I hope that if he saw it, Mr. Powell forgave me the smile of which I was

guilty at that moment. The light in the cabin of his little cutter was

dim. And the smile was dim too. Dim and fleeting. The girl's life had

presented itself to me as a tragi-comical adventure, the saddest thing on

earth, slipping between frank laughter and unabashed tears. Yes, the

saddest facts and the most common, and, being common perhaps the most

worthy of our unreserved pity.

The purely human reality is capable of lyrism but not of abstraction.

Nothing will serve for its understanding but the evidence of rational

linking up of characters and facts.
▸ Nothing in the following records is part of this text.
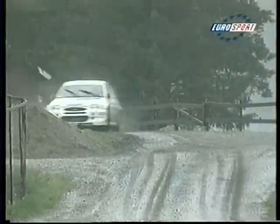To flat right, maybe keep in. 70, small crest, and long fast right. And keep right to very long medium left.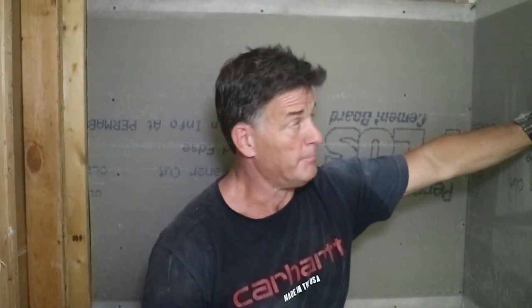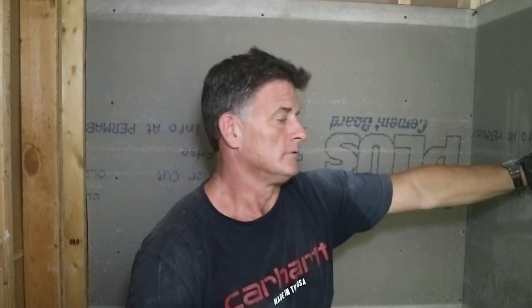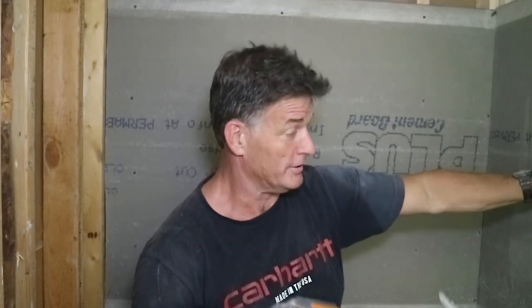We've got our piece of backer board in — this is actually a 7/16 material we use for our showers. Now if you haven't got one of these bad boys, you need to get one. I'm going to show you how this thing works — it is so much faster than holding a screw and putting it in by hand.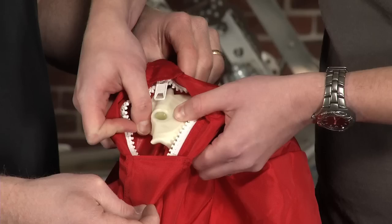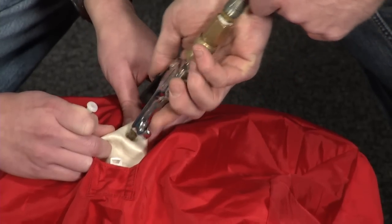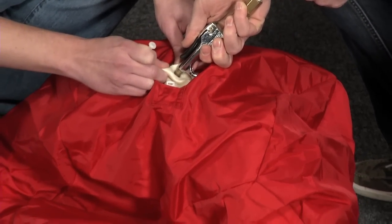Center the fill spout in the zipper opening. Shake downward to encourage the bladder to spread out inside the cover. Begin to inflate the ball, stopping occasionally to keep the fill spout well centered in the opening. Inflate the ball so that it looks just right.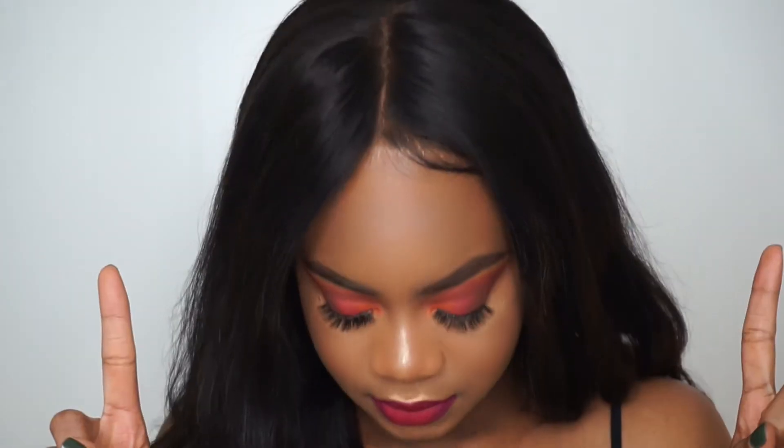Hi guys, what is up, it's your girl Ashika Lee here back at it with another video. In this video we are doing a makeup look using the Morphe 3502 Second Nature palette. Let's have a moment of silence for this look, y'all — oh my goodness, I don't know what made me want to do this look.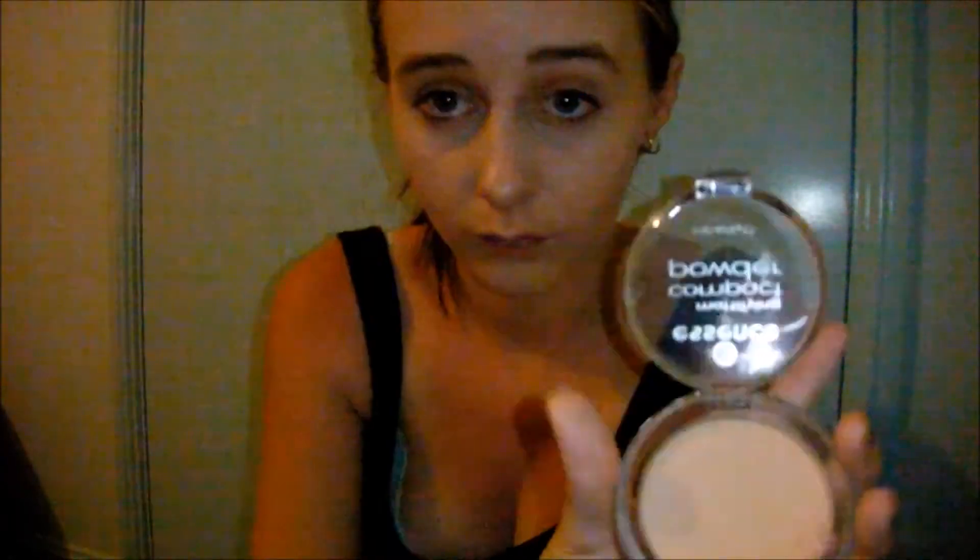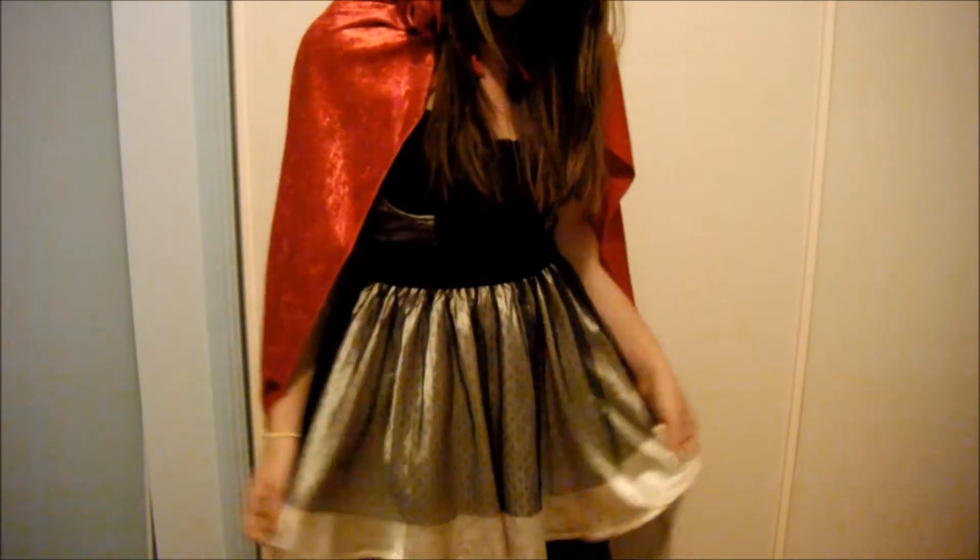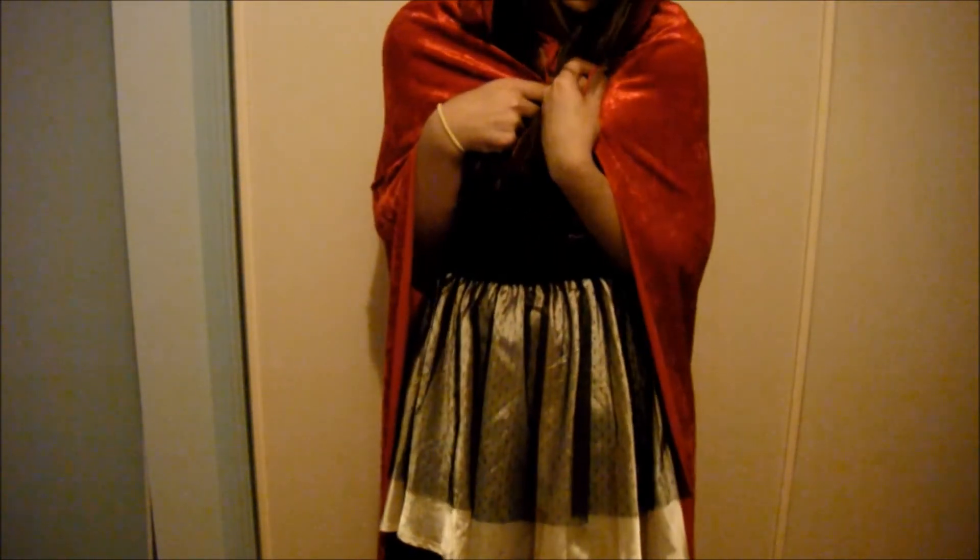Little Red Riding Hood, you sure are looking good. You're everything a big bad wolf could want. Little Red Riding Hood, I don't think little big girls should go walking in these spooky old woods alone. What big eyes you have, the kind of eyes that drive wolves mad. Just to see that you don't get chased, I think I ought to walk with you for a ways. What full lips you have. So until you get to grandma's place, I think you ought to walk with me and be safe.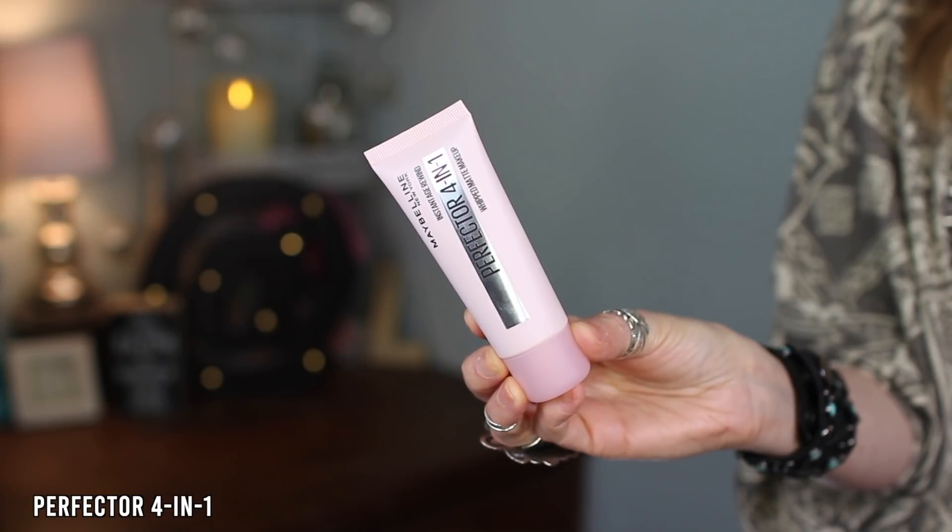First up, a new product from Maybelline — this is the Perfecter Instant Age Rewind four-in-one whipped matte makeup. I got shade 00 Fair Light, which is definitely too light for me, but I do have it on one side of my face. It says it blurs pores, mattifies, conceals blemishes, and evens skin tone with light coverage, applied with your fingers.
And beginning with Flora de Barral,

in the light of my memories I was certain that she at least must have

been passive; for that is of necessity the part of women, this waiting on

fate which some of them, and not the most intelligent, cover up by the

vain appearances of agitation. Flora de Barral was not exceptionally

intelligent but she was thoroughly feminine. She would be passive (and

that does not mean inanimate) in the circumstances, where the mere fact

of being a woman was enough to give her an occult and supreme

significance. And she would be enduring which is the essence of woman's

visible, tangible power. Of that I was certain. Had she not endured

already? Yet it is so true that the germ of destruction lies in wait for

us mortals, even at the very source of our strength, that one may die of

too much endurance as well as of too little of it.